O amigo imaginário de meus filhos é culpado por biscoitos roubados ilegalmente antes do jantar, por qualquer coisa que quebre ou derrame, por lixo aleatório que não chega à lixeira e, uma vez, por todo um rolo de papel higiênico sendo desperdiçado na tentativa de moda uma capa de super-herói (a propósito, não tente fazer uma capa de super-herói com TPjust não).

Sei que crianças dessa idade estão testando seus limites e que meu filho está tentando aprender onde a linha é traçada. Entendi. Talvez eu culpe meus oponentes adultos por uma pessoa de faz de conta, se eu achasse que poderia me safar com isso, mas não quero dar ao meu filho nenhum tipo de segurança que meu amigo tenha feito, é um abandono. cartão sem prisão. Ainda não lhe dei margem de manobra, mas ele continua tentando, e eu estaria mentindo se eu dissesse que não me preocupava.

4. Receio que as pessoas zombem ou entendam mal

Até agora, meu filho tem boas habilidades sociais e parece estar no caminho certo com interações apropriadas à idade com seus colegas da vida real. Eu nunca disse a ele que seu amigo de cabelos roxos não é real, e nunca o castiguei ou falei negativamente sobre o fato de que ela existe para ele, mesmo quando ela estaciona sua pequena traseira imaginária no meu assento especial no sofá ou entra em nossa minivan. sem ser convidado quando estou com pressa. Eu sei que ter um companheiro imaginário é algo para algumas crianças.

Gostaria de saber se ele acha que há algo faltando em algum nível. Ele inventaria uma pessoa se não houvesse algum tipo de vazio em sua vida? O professor dele o tratará como aquele garoto ou o enviará ao psicólogo da escola se ele for pego passando notas imaginárias durante a aula? Eu posso estar exagerando, mas me preocupo que as outras crianças pensem que ele é estranho e não querem brincar com ele porque ele é o garoto que fala ao ar.

Ser pai de uma criança que escolhe se destacar em vez de se encaixar é um desafio agridoce e, na verdade, não sei se meu filho será esse tipo de criança. Ele ainda está tentando descobrir quem ele quer ser e como deixar sua marca no mundo. No momento, ele está fazendo isso com um companheiro imaginário de cabelos roxos, que parece dar a ele nada além de felicidade. E embora eu ainda esteja um pouco desconfortável com a coisa toda, lembro a mim mesmo que seus amigos da vida real também me dão nos nervos. Finalmenteistogaroto é muito mais quieto.

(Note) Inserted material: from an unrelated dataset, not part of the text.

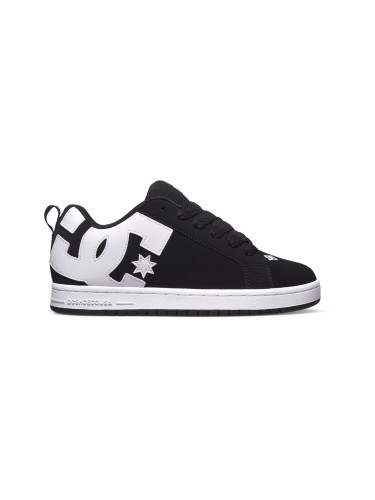 DC Shoes Court Graffik Black Мъже - Спортни обувки DC Shoes - Черен - 300529-001-10 - Size: 10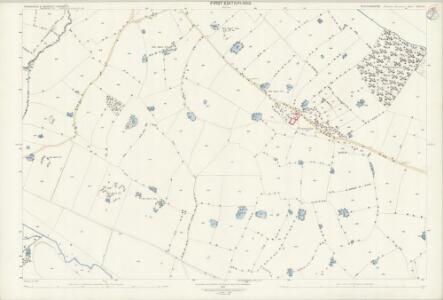 Staffordshire XLIV.14 (includes: Bradley; Dunston; Penkridge) - 25 Inch Map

Acho que por enquanto, seu amigo imaginário está aqui para ficar. Talvez um dia ela não esteja. Tenho certeza de que Salice ainda não estará por perto quando ele for para a faculdade, e se ela estiver, só precisarei encontrar uma maneira de lidar com isso. Afinal, ela é amiga dele, não minha.

Agora, se eu pudesse encontrar uma maneira de manter aquelas visões dos gêmeos assustadoresO brilhoem pé na frente do elevador e cantando, venha brincar conosco, Danny, para todo o sempre, e sempre de rastejar em meus pensamentos.